Zhang, Z. Fu and L.  Zhang  69 have developed an improved adaptive genetic algorithm to optimize
capacitor switching, and a simplified branch exchange algorithm is developed to
find the optimal network structure for each genetic instance at each iteration
of capacitor optimization algorithm. G. Carpinelli et al. 70 proposed methods based on the reduction of the search space of GAs or
based on micro-genetic algorithms. These methods generally guarantee good
solutions with acceptable levels of computational effort. In this study, some
fast, GA-based methods are compared and applied for solving the problem of
optimal sizing and siting of capacitors in unbalanced multi-converter
distribution systems. The algorithms have been implemented and tested on the
unbalanced IEEE 34-bus test distribution system, and their performances have
been compared with the performance of the simple genetic algorithm technique.

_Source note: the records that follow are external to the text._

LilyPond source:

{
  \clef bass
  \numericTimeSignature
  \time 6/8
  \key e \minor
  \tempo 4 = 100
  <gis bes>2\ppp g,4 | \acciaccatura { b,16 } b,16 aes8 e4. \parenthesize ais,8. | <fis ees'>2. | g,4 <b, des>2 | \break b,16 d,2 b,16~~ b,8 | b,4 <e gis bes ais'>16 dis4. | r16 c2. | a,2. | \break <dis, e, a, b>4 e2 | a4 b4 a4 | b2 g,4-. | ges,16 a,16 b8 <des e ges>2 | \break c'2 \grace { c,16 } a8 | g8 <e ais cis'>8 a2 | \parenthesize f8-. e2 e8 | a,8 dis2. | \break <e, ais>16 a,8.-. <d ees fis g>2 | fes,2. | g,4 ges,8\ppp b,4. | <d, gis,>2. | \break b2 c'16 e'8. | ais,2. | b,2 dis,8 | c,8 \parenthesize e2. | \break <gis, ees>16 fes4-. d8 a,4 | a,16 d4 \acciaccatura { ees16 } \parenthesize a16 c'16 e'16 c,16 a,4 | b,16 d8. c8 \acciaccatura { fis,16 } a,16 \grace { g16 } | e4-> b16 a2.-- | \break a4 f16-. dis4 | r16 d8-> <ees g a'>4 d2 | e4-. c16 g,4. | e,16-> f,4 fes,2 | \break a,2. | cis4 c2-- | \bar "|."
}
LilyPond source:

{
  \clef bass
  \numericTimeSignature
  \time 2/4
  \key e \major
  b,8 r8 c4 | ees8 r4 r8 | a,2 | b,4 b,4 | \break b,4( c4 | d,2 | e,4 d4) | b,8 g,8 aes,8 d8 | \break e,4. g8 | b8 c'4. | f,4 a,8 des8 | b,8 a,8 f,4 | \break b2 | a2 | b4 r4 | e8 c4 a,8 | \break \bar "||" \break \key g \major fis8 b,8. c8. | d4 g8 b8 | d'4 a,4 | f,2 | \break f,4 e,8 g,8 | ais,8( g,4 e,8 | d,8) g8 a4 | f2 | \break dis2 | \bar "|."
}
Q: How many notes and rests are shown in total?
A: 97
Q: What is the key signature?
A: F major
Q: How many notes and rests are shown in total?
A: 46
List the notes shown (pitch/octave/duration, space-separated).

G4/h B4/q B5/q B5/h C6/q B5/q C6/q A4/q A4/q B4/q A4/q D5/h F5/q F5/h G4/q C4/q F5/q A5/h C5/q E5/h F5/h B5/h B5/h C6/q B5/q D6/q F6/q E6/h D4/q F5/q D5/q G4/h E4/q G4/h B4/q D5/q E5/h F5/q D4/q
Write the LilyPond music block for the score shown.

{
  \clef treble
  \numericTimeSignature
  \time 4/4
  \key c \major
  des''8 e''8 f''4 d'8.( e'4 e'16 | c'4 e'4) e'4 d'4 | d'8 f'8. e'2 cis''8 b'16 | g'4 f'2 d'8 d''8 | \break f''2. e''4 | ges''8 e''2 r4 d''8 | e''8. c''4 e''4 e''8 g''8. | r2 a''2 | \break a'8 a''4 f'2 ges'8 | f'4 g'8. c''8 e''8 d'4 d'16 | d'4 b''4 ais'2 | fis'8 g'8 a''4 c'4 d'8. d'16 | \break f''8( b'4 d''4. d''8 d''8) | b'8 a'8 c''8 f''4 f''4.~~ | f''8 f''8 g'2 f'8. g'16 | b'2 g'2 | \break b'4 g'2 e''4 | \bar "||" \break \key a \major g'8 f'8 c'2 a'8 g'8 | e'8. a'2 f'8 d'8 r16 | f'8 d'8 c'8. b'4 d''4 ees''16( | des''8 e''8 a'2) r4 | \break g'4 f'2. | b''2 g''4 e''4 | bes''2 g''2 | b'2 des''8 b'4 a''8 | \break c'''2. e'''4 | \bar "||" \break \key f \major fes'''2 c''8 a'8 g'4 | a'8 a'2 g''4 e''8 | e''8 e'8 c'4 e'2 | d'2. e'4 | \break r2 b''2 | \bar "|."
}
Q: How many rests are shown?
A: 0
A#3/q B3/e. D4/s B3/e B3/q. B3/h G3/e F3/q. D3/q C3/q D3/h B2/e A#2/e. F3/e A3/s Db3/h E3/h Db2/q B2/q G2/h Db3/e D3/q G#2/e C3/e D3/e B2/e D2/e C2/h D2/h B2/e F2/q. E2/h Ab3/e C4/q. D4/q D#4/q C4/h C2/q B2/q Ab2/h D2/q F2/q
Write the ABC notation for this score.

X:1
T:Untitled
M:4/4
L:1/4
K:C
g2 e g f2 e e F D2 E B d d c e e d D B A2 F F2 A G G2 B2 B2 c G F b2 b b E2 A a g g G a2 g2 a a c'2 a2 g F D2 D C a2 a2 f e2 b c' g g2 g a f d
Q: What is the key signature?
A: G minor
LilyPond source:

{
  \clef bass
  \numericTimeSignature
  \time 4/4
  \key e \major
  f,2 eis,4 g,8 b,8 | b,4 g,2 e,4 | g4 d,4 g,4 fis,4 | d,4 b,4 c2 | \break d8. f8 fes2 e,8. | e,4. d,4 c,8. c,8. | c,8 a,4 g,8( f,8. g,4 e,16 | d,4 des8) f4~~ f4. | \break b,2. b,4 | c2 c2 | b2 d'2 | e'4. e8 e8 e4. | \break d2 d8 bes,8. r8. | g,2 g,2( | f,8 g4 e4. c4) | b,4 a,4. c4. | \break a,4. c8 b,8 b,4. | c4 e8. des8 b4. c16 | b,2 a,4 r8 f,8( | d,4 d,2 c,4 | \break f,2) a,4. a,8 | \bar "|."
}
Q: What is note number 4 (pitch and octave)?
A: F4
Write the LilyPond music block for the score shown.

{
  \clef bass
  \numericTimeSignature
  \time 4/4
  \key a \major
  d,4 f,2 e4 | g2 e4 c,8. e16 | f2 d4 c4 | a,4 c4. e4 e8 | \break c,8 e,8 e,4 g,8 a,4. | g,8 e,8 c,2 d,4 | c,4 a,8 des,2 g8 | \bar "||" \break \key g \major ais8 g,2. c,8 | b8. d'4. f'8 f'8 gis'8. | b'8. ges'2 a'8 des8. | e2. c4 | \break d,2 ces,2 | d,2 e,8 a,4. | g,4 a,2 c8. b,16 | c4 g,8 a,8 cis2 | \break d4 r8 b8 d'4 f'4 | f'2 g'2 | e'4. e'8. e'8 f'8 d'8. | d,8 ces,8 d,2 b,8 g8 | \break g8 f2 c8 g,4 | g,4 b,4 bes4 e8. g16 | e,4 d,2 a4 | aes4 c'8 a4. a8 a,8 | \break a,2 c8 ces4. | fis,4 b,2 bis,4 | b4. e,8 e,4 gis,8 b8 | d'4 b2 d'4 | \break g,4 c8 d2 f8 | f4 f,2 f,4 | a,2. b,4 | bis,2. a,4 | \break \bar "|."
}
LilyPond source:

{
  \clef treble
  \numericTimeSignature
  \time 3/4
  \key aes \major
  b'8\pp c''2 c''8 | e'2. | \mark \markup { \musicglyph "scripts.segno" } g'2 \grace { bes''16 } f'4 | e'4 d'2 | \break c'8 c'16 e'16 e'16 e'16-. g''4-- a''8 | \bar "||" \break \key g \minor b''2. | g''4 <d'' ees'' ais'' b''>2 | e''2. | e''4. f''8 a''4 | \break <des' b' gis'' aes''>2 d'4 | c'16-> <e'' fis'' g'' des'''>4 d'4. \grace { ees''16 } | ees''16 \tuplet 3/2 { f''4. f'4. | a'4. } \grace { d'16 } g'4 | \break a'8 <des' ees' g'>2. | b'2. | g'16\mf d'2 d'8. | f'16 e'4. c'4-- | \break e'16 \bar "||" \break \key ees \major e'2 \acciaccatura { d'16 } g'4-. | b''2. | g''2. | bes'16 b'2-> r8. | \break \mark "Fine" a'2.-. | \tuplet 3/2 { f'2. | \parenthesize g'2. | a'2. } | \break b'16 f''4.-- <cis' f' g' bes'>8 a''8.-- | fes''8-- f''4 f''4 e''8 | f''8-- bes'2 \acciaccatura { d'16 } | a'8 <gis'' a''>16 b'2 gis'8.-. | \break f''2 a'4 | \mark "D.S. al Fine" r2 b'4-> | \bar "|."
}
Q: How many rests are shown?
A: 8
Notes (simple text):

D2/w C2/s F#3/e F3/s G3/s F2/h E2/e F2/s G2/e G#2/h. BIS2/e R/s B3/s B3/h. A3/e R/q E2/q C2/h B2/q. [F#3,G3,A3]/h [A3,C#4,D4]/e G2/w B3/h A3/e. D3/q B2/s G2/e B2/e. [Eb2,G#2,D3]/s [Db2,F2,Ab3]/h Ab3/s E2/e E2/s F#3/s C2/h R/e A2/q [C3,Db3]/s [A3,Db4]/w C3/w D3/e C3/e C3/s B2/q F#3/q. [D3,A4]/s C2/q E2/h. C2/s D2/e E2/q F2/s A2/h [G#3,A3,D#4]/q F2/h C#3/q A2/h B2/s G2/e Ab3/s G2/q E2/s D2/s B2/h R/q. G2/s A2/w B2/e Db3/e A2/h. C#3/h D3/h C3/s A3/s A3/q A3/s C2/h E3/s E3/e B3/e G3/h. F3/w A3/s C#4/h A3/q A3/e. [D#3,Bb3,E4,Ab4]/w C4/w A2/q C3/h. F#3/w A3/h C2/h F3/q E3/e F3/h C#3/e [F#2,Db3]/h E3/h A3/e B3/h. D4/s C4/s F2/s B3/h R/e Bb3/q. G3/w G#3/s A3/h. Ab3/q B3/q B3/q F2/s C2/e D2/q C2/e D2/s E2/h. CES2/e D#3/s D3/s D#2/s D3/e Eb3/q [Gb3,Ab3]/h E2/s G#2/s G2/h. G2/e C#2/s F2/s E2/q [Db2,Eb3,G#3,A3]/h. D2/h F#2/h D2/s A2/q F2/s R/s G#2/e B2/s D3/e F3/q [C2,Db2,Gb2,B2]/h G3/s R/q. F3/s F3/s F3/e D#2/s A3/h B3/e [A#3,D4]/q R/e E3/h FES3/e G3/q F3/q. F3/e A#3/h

A. Poushafie et al. 71 presented a GA based capacitor placement procedure in ten steps. A. Swarnkar,
N. Gupta and N. Niazi  72 have reported a method using index and GA algorithm to determine
suitable candidate nodes in distribution systems for capacitor installation. M.
Davoodi et al. 73 presented optimal capacitor placement and capacitance computation in
the power distribution networks using a method based on GA considering the majority
of the influencing factors in its multi-objective target function. S. Moradian,
S. Jadid and O. Homaee  74 have
applied GA for optimal location and sizing of capacitors in the radial
distribution system to minimize power losses and cost of
VAr generated by capacitors. The applied method is implemented for a 15-bus, an
85-bus, and a 28-bus distribution network. The results are compared with those
the prevalent method. It is shown that for all study cases, the net savings for
the proposed method is higher than that of the prevalent method.